Top of Materials provided

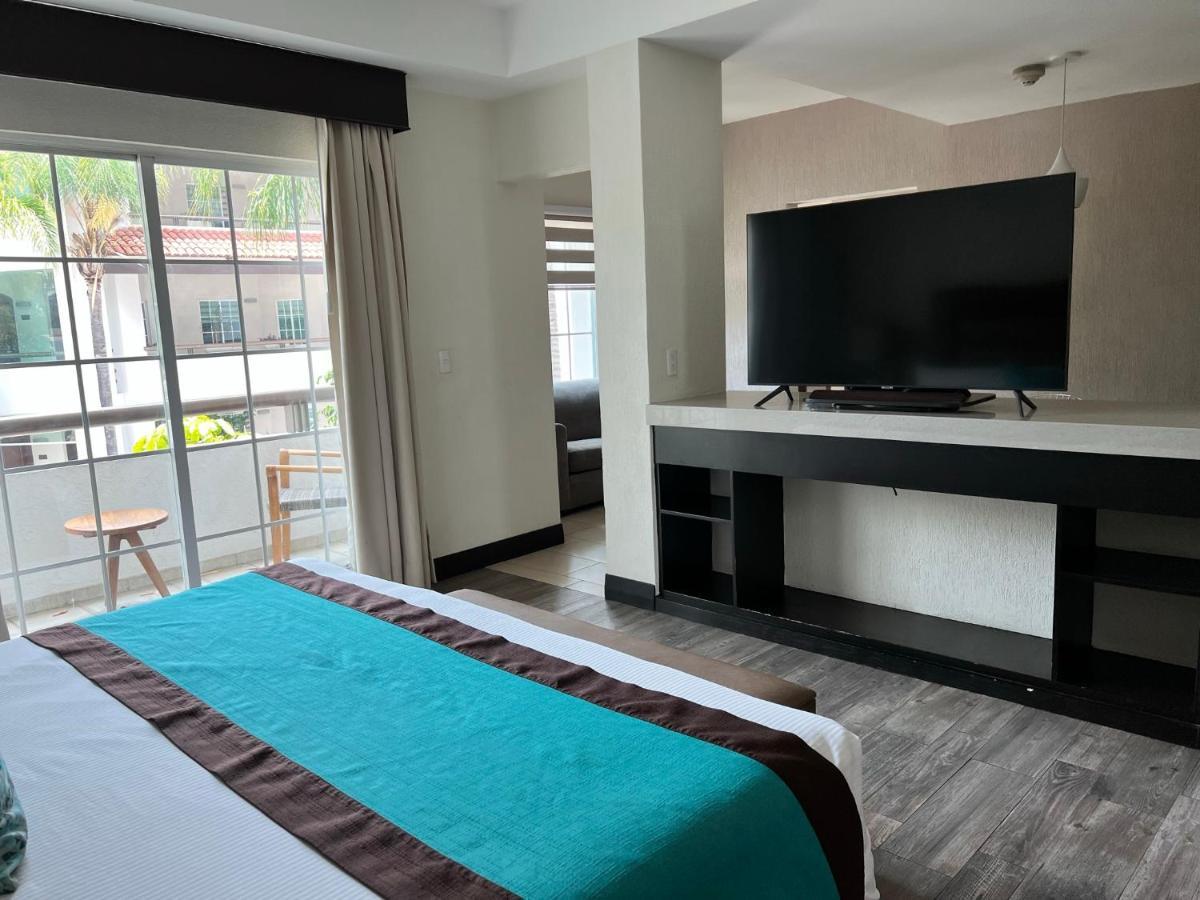 Aurea Hotel And Suites Zapopan Exterior foto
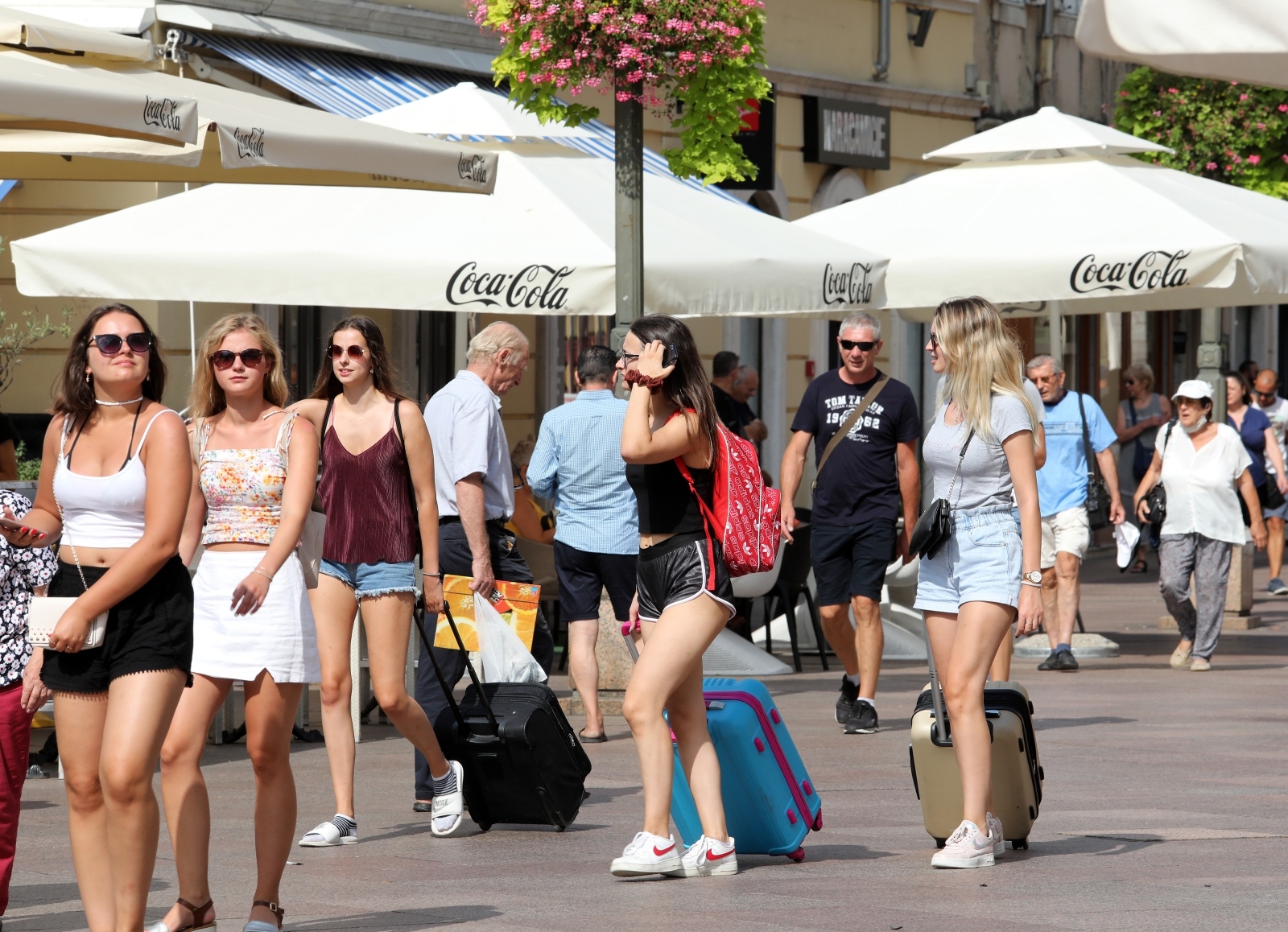 Šetači i turisti na riječkom Korzu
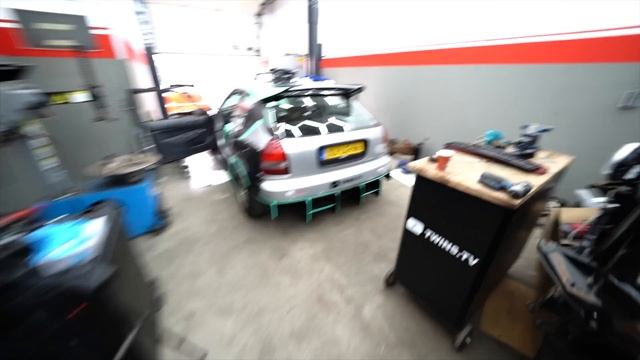 "MEGA INTERIEUR AANPASSING" IN ONZE WIDEBODY HONDA CIVIC!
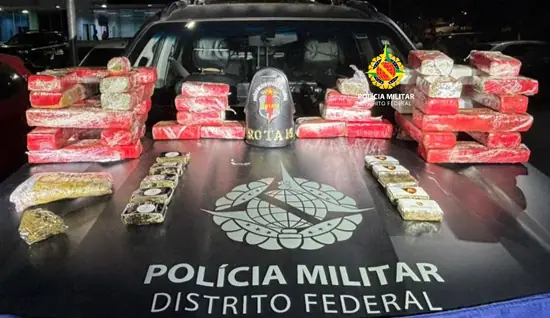 Foram encontrados R$ 90 mil reais em drogas no local. 
 -  (crédito: PMDF/ Divulgação )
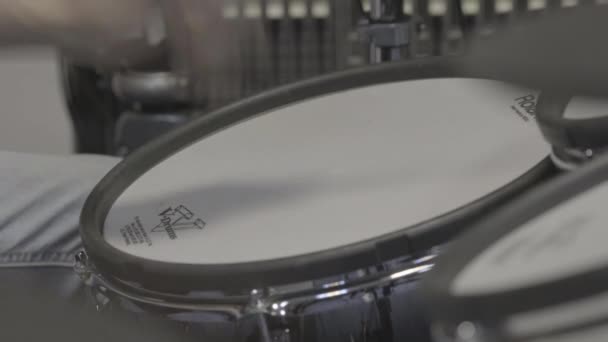 스튜디오에서 손으로 드럼을 연주하는 — 비디오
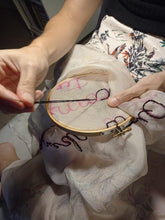 Cargar imagen en el visor de la galería, LIBRO TEXTIL

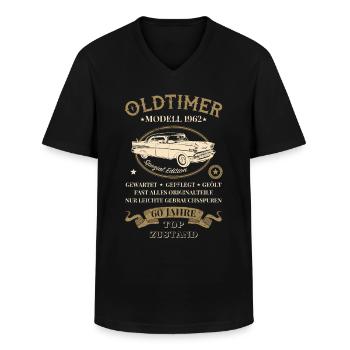 Oldtimer Vintage 1962 - Männer-T-Shirt mit V-Ausschnitt - Schwarz - Vorne - AI Model Male 178 dark (178cm)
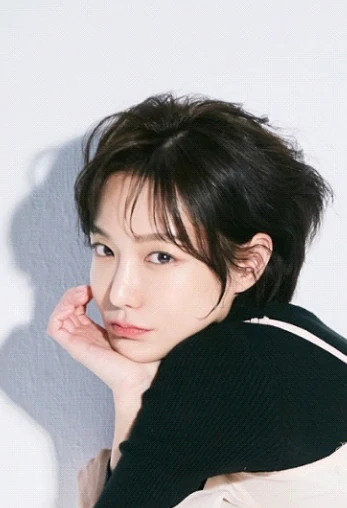 신소율의 밝은 미소 이미지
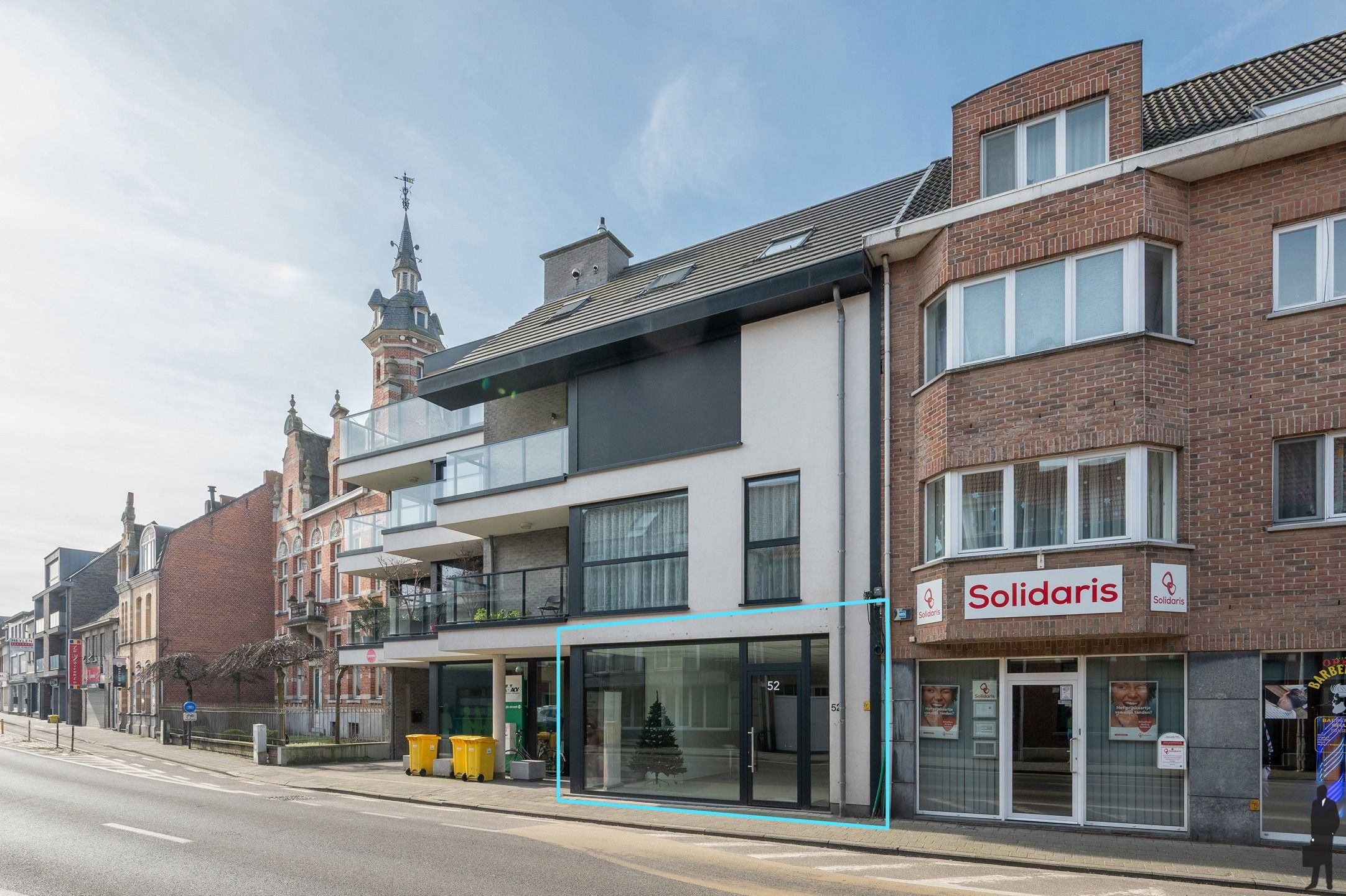 Ruime handels/ kantoorruimte in het centrum van Hoogstraten foto 3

Bottom of Materials provided

__Problem to solve__.
In your copy, please omit the pictures and print every line of the records exactly.

__Exercise response__.
 Aurea Hotel And Suites Zapopan Exterior foto
 Šetači i turisti na riječkom Korzu
 "MEGA INTERIEUR AANPASSING" IN ONZE WIDEBODY HONDA CIVIC!
 Foram encontrados R$ 90 mil reais em drogas no local. 
 -  (crédito: PMDF/ Divulgação )
 스튜디오에서 손으로 드럼을 연주하는 — 비디오
 Cargar imagen en el visor de la galería, LIBRO TEXTIL

 Oldtimer Vintage 1962 - Männer-T-Shirt mit V-Ausschnitt - Schwarz - Vorne - AI Model Male 178 dark (178cm)
 신소율의 밝은 미소 이미지
 Ruime handels/ kantoorruimte in het centrum van Hoogstraten foto 3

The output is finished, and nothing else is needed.